Only digital text enables teachers to provide immediate, adjacent guidance to their student readers. Embedding notes in the margins of the text lets students know what they should be thinking about. It allows the teacher to read alongside the student, point to particular sections of the text, and make connections that are relevant to the goals of the course. The teacher can stop the student at a given point in the reading assignment and ask a question.

Joe Romano, a Library Media Specialist, notes that after switching to Actively Learn for assessment and reading, "my students are responding even more directly to the text and using the text in their responses more than they ever would. Each and every student is allowed to offer insight about a particular moment in the text, and I’m able to gain a greater understanding of individual student understanding."

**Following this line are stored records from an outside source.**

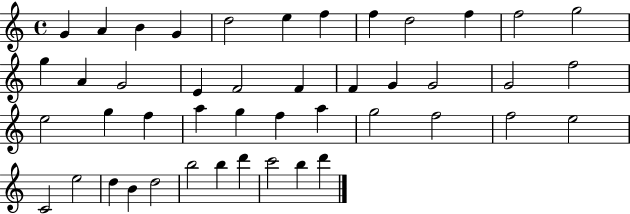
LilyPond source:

{
  \clef treble
  \time 4/4
  \defaultTimeSignature
  \key c \major
  g'4 a'4 b'4 g'4 | d''2 e''4 f''4 | f''4 d''2 f''4 | f''2 g''2 | \break g''4 a'4 g'2 | e'4 f'2 f'4 | f'4 g'4 g'2 | g'2 f''2 | \break e''2 g''4 f''4 | a''4 g''4 f''4 a''4 | g''2 f''2 | f''2 e''2 | \break c'2 e''2 | d''4 b'4 d''2 | b''2 b''4 d'''4 | c'''2 b''4 d'''4 | \break \bar "|."
}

Digital reading allows teachers to foster a dialogue between the text, the student, and the teacher, effectively turning reading into a guided, focused activity. Students know what they are supposed to get out of the text and how it relates to the goals of their course.

WHAT THIS MEANS FOR TEACHERS:
  • Teachers can focus student reading to clarify the intention of the assignment and encourage the student to make the desired connections among ideas as he or she reads.
  • The teacher can effectively be present as the student reads. For the student, this removes the seeming futility of the isolated reading assignment and integrates reading directly into the ongoing conversation of the course.

Making Connections Across Ideas

The most challenging aspect of class reading for students and teachers is “transfer,” or the ability to take previously-acquired knowledge and use it in the future to make connections across unfamiliar ideas and texts.

For many students, the obstacle to recontextualizing and repurposing their existing knowledge is lack of storage and searching. Think of all the information that a student acquires across all of his or her classes, and how difficult it is to keep track of. As students read a paper text, they may vaguely recall a concept from their prior reading that relates to the text at hand . But in order to revisit that concept, the student would need to retrieve the prior paper text and scan through his or her notes to locate the record of that idea. This is a time-consuming and cumbersome process that few students bother to pursue.

Digital texts solve this problem by storing student notes, questions, and peer responses and making it easy to search through them. Revisiting prior knowledge is as easy as clicking and typing a search term.

Not only can students themselves look through the record of their prior learning, but teachers can help students connect ideas by embedding annotations and links in the text. As the student reads The Cask of Amontillado, he or she sees a question about how Montresor’s notion of revenge relates to The Count of Monte Cristo. To refresh a student’s memory, the teacher might include a link to a short YouTube scene from The Count of Monte Cristo or link to a synopsis of the plot. These connections are much easier to make in a digital text.

WHAT THIS MEANS FOR TEACHERS:
  • Students can easily access their previous notes, questions, and responses in a digital format, which makes it convenient to make connections between existing knowledge and new material.
  • Teachers can help students connect ideas by including annotations and links inside the text. This models the analogous thinking that is critical to deep knowledge.

Conclusion: Starting the Conversation Before Class Begins

We know that deep learning is an interactive process that involves asking questions, making connections, and communicating ideas. With paper texts, reading is preparation for the deep learning that only begins once the class reconvenes. It is only once that paper text is integrated into class discussion and brought into dialogue with other ideas that deeper learning takes place.

At Actively Learn, we want deeper learning to be a part of the reading process. We want students to enjoy reading because they see it as a collaborative activity that is relevant and meaningful to them. We want teachers to be present in the text as students read and guide their thinking and discussion. Finally, we want students to be eager to arrive to their next class in order to continue the conversation that is well under way when the bell rings.